Caption-style text data
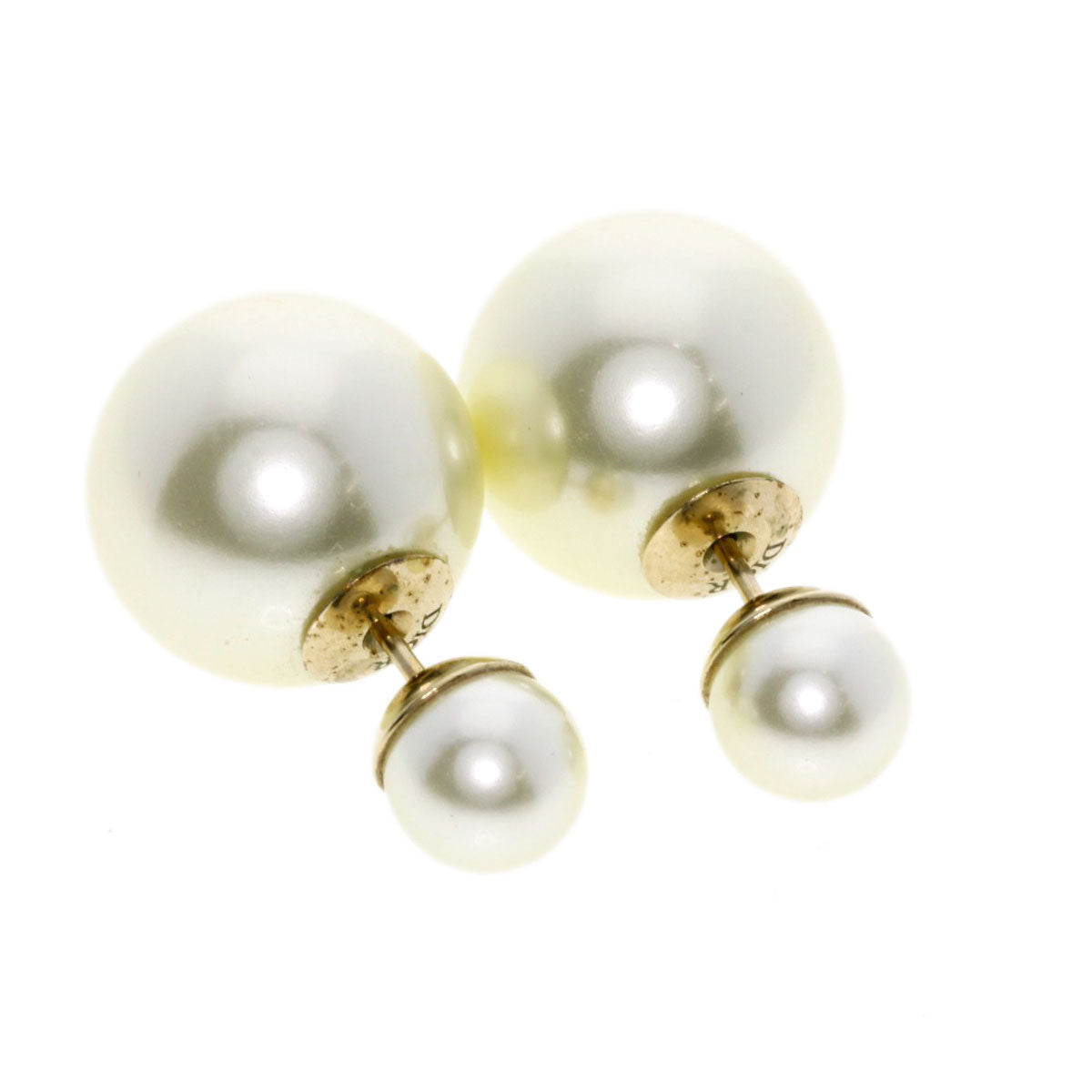 CHRISTIAN DIOR Fake pearl earring Metal Ladies [Used]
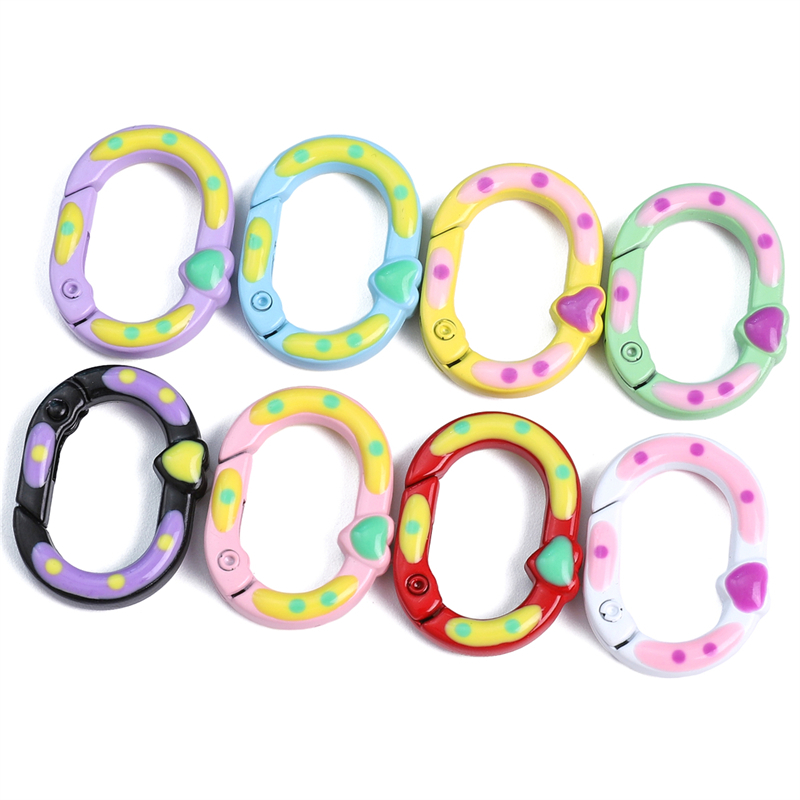 Móc Khóa Hình oval Hai Mặt Họa Tiết Chấm Bi Bằng Hợp Kim 20x28mm diy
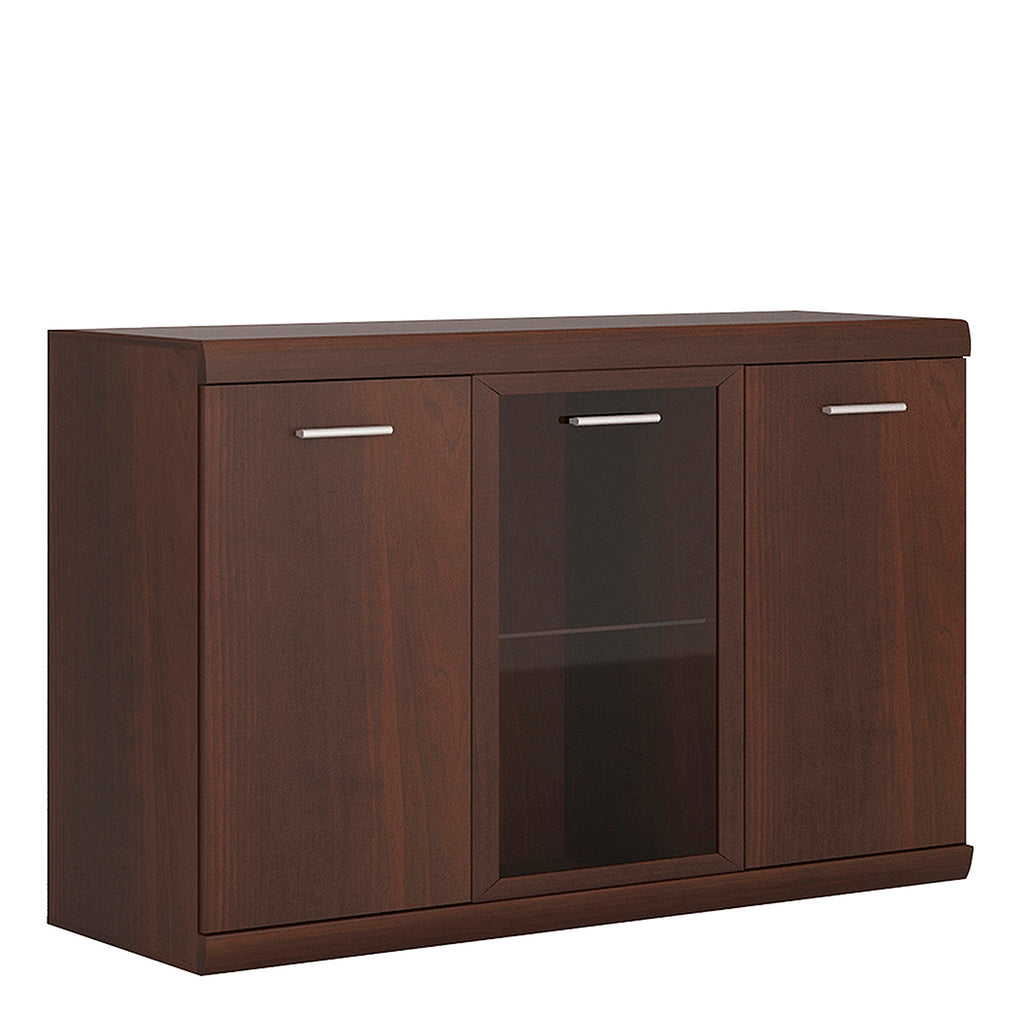 Ingrid 3 Door Glazed Sideboard in Dark Mahogany Melamine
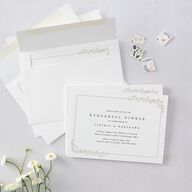 Dainty Frame Rehearsal Dinner Invitations Pure White Signature Blank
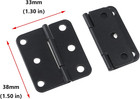 Auvotuis 24pcs 1-1 2 Inch Length Black Metal Butt Hinges Flat Small Door Hinge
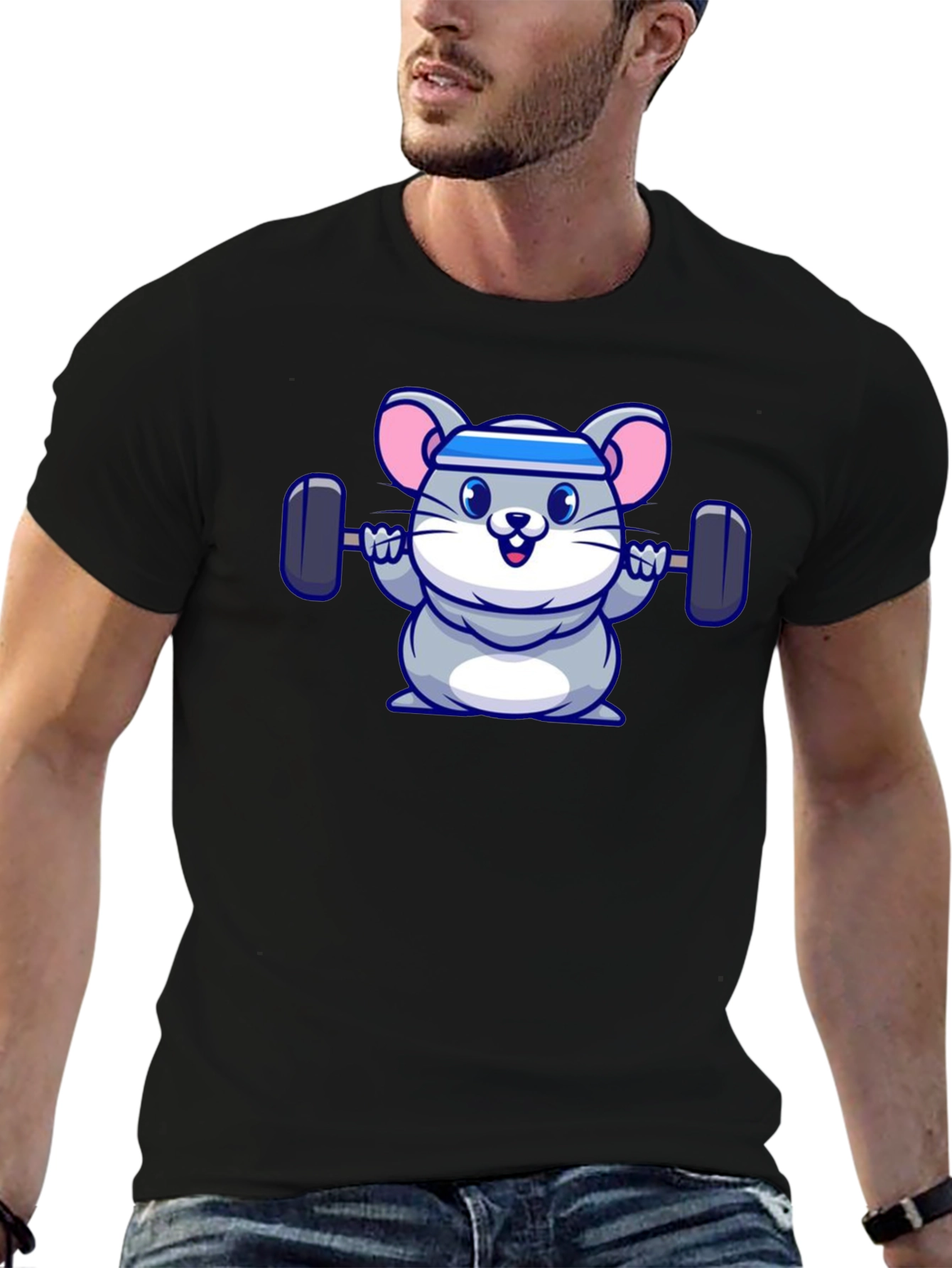 Workout Mouse Graphic Tee - Black Cotton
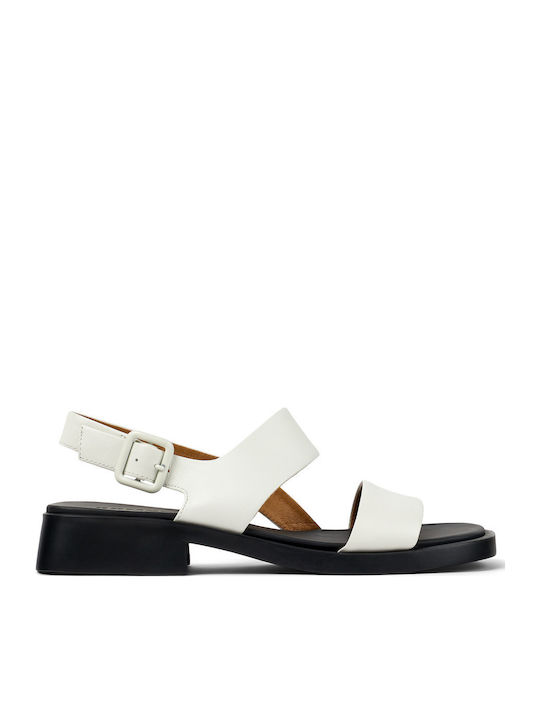 Dana Leather Women's Flat Sandals in White Color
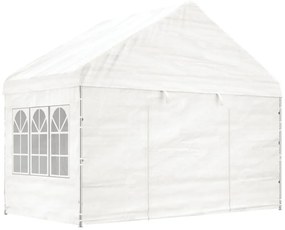 Gazebo com telhado 4,46x4,08x3,22 m polietileno branco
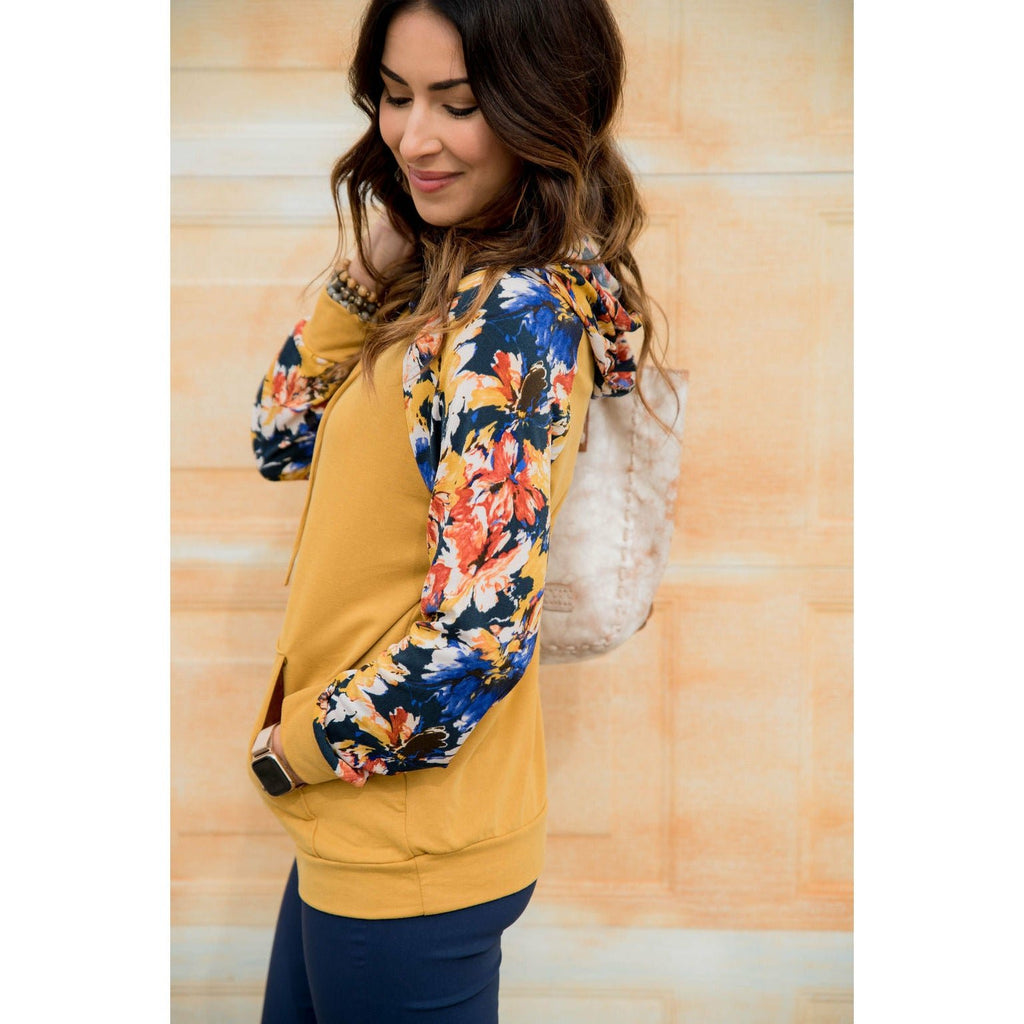 Floral Accent Hoodie - Betsey's Boutique Shop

_Task directions_
The entries above should be retyped word for word, with all pictures omitted.

_Solution for this problem_
 CHRISTIAN DIOR Fake pearl earring Metal Ladies [Used]
 Móc Khóa Hình oval Hai Mặt Họa Tiết Chấm Bi Bằng Hợp Kim 20x28mm diy
 Ingrid 3 Door Glazed Sideboard in Dark Mahogany Melamine
 Dainty Frame Rehearsal Dinner Invitations Pure White Signature Blank
 Auvotuis 24pcs 1-1 2 Inch Length Black Metal Butt Hinges Flat Small Door Hinge
 Workout Mouse Graphic Tee - Black Cotton
 Dana Leather Women's Flat Sandals in White Color
 Gazebo com telhado 4,46x4,08x3,22 m polietileno branco
 Floral Accent Hoodie - Betsey's Boutique Shop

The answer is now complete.